Los olores son a menudo una indicación de enfermedades y venenos. Los médicos aprenden a ser muy sensibles a los olores, tan sensibles que yo puedo decir a menudo, a través del olor de la sangre en el lugar de algún delito, que la víctima había bebido poco antes de ser tiroteada o acuchillada. La sangre o los jugos gástricos cuyo contenido huele a mostachones almizcleños o a almendras pueden indicar la presencia de cianuro. El aliento de un enfermo que huele a hojas mojadas puede indicar tuberculosis.
Lori Petersen era una médica como yo.
Si hubiera notado algún olor extraño en el momento de entrar en su dormitorio, no se hubiera desnudado ni hecho nada hasta haber averiguado el origen de aquel olor.
Cagney no tenía mis preocupaciones y algunas veces yo me sentía perseguida por el espíritu de mi antecesor, a quien no había conocido y cuyo poder e invulnerabilidad envidiaba. En un mundo tan poco caballeresco, él era un caballero muy poco caballeroso, que lucía su cargo cual si fuera el penacho de un casco, y me provocaba una cierta envidia.
Su muerte había sido repentina. Cayó literalmente muerto mientras cruzaba la alfombra del salón para cambiar de canal y ver en la televisión la Super Bowl.

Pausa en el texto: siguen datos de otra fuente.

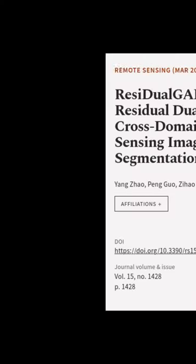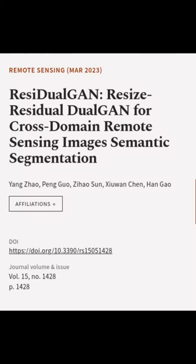Experiments demonstrate that our approach outperforms state-of-the-art methods. This article was authored by Yang Zhao, Peng Gua, Zihao Sun, and others.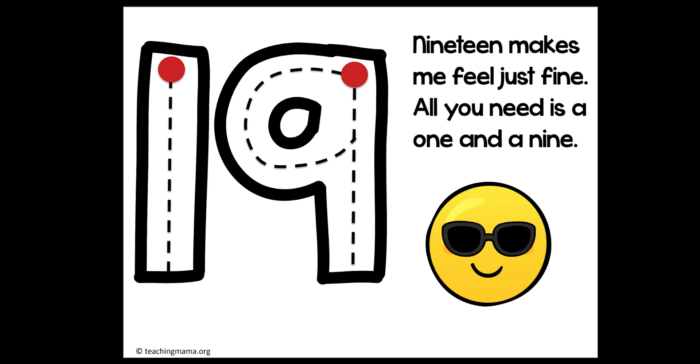Now turn on your magic writing finger. 19 makes me feel just fine. All you need is a 1 and a 9. So start at the top with your magic writing finger. Straight line down for your 1 and your 9. Start at the top, circle around, back up to the top, and a straight line down for your 9. The number 19.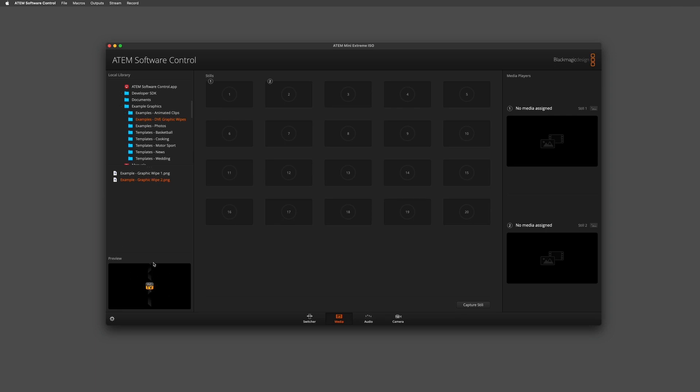I quite like graphic wipe 2, so I'm going to drag that one into my stills, and as you can see that's immediately become active in my media players on the right-hand side.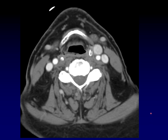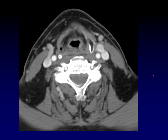This one has to be a node, right? It's round, it's in a classic location, it's obviously not the artery or the vein. But on the cut just below, you can see this mass is connecting into the internal jugular vein. This is actually a varix — an enlarged inferior laryngeal vein.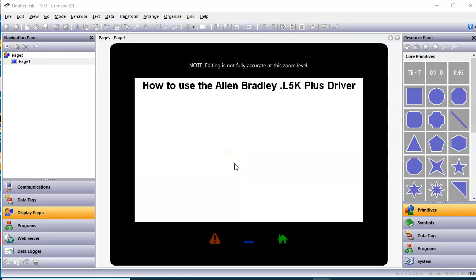Hello there folks, Joe Wazoo here. I'm going to talk about a new Allen Bradley L5K Plus driver that Redline recently released for use in Crimson 3.1 today.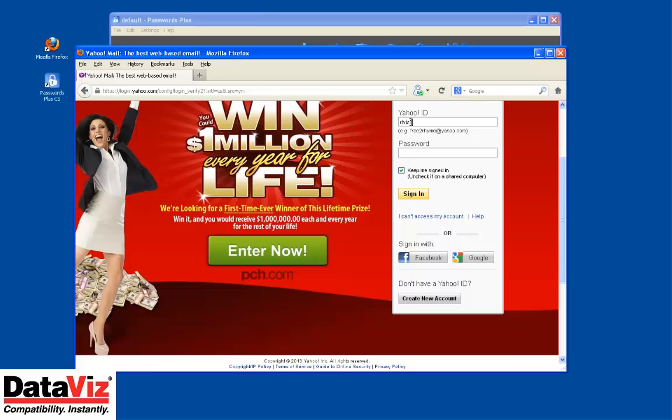Alternatively, if you do not have the login information for a particular website already saved to Passwords Plus, the browser extension can create a new record for you by clicking the save option after logging in.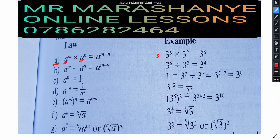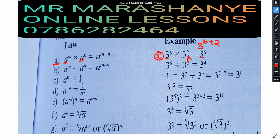As you can see in example A, the question says 3 to the power of 6 times 3 to the power of 2. Because the bases are the same, we take only one base, which is 3. Because the bases are the same and these numbers are multiplying, we add the powers: 3 to the power of 6 plus 2, which gives our final answer of 3 to the power of 8.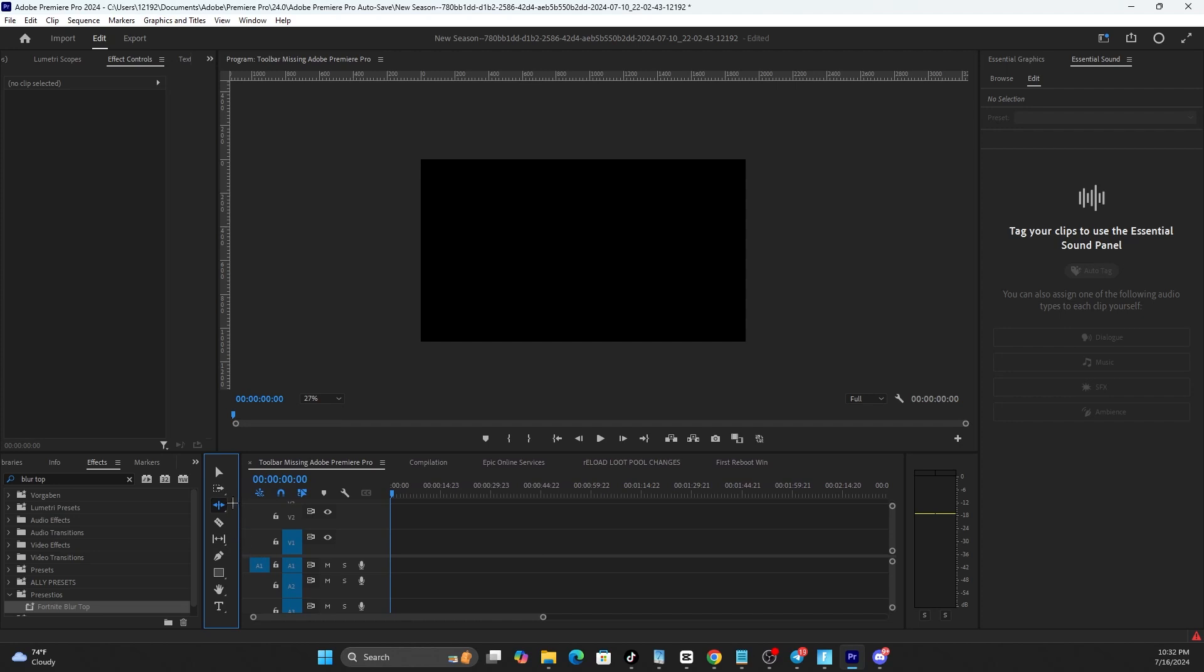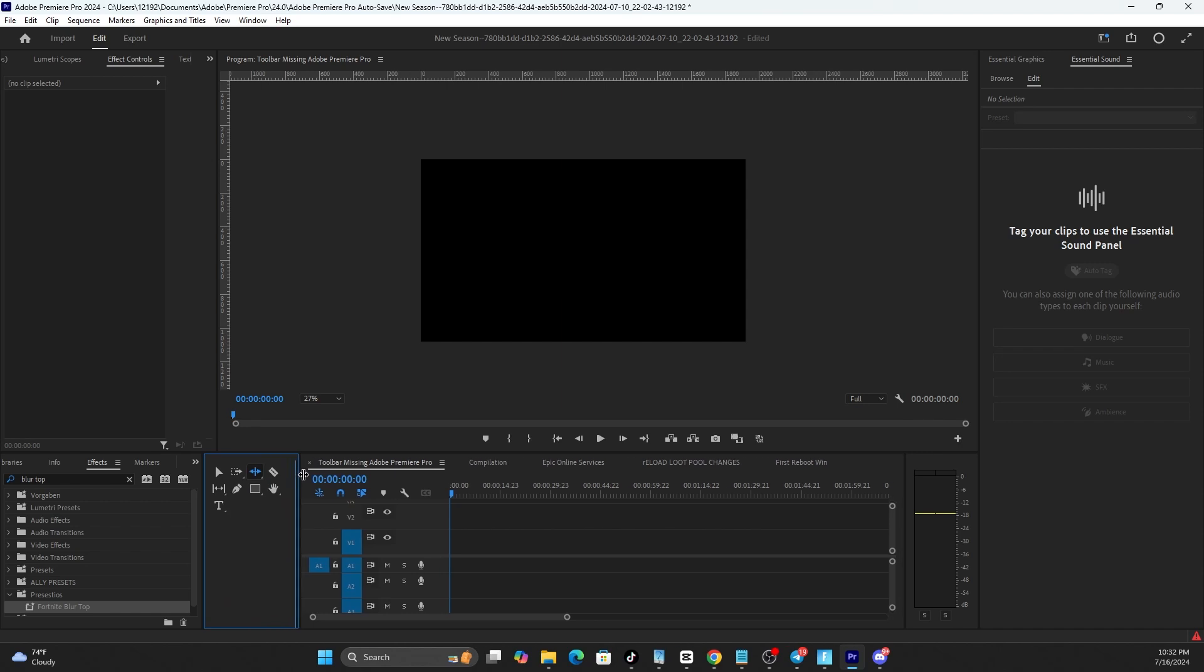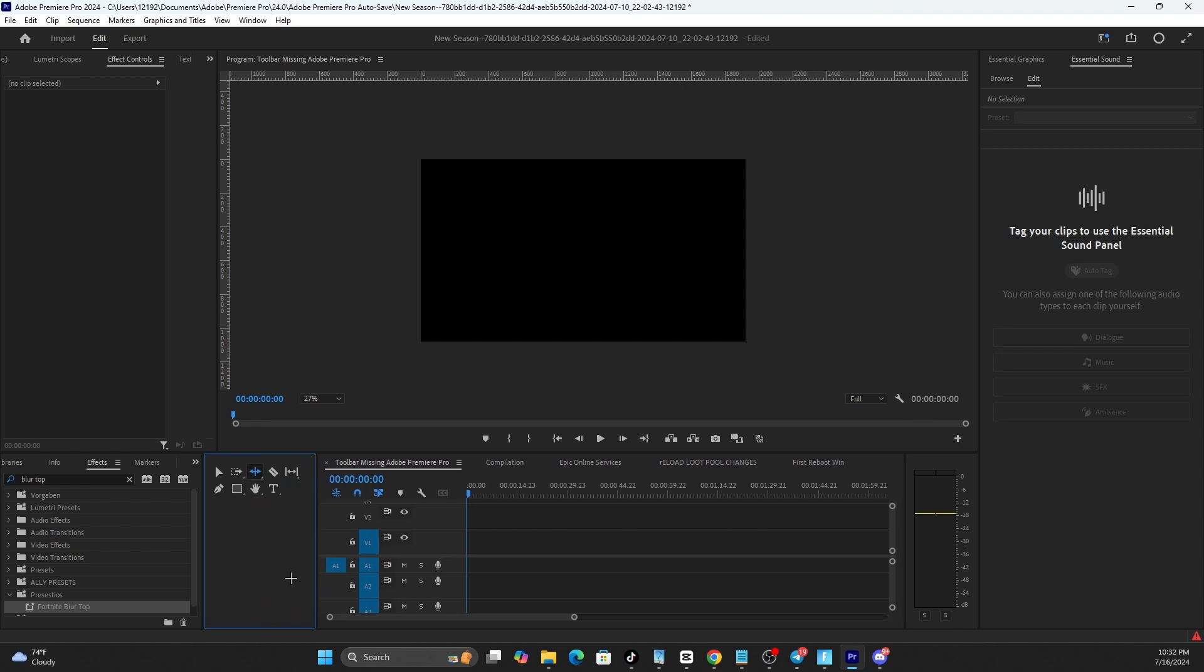What's going on guys, I go by the name of Doubtfire, and in this video I'm going to show you what to do if you accidentally delete or close out your toolbar where you have your selection tool, text tool, and other tools in Adobe Premiere Pro.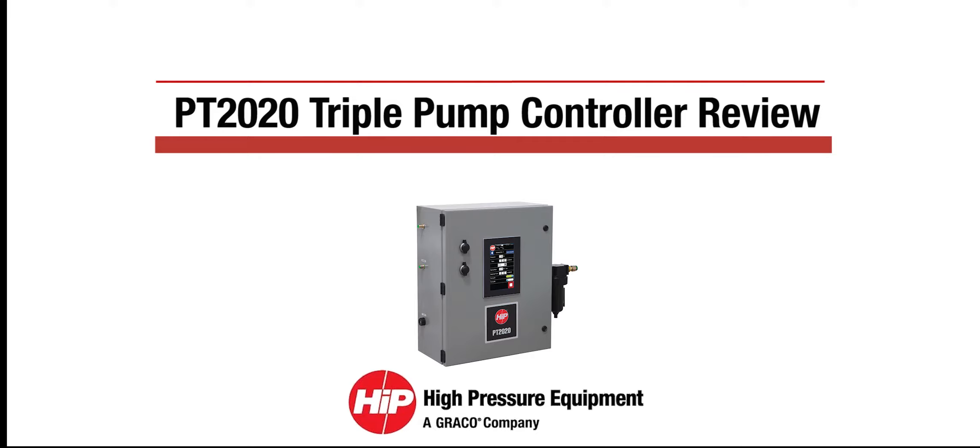Hi, this is a product overview of the new PT-2020 pressure testing control system for air-driven high-pressure pumps.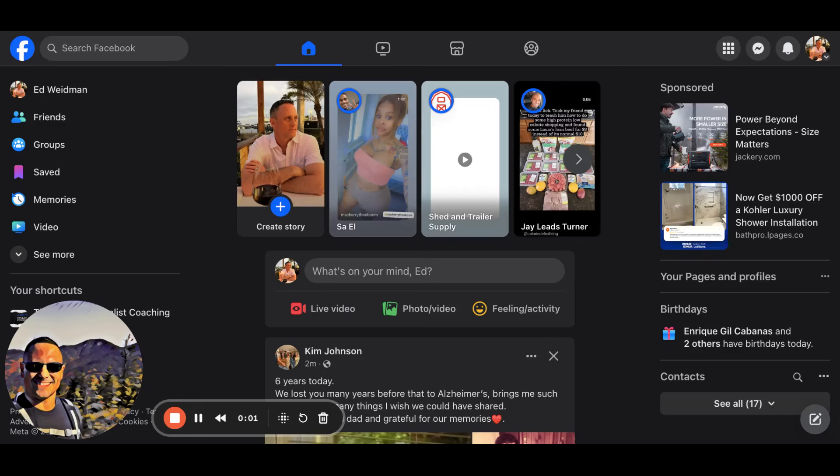So you're struggling with your business. You want to prospect more effectively. You want to close one, two, three clients per month. I'm with you a hundred percent, but you got to do the work.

En el silencio que precedió al amanecer de un lunes encapotado, él se convirtió en el tema de su propio estudio, con una toalla sobre la cara en la sala de autopsias donde sólo podía entrar el patólogo a quien le había correspondido en suerte examinarle. Durante tres meses, nadie tocó su despacho, el cual estaba exactamente tal y como él lo había dejado, exceptuando, supongo, las colillas de puros que Rose sacó de los ceniceros.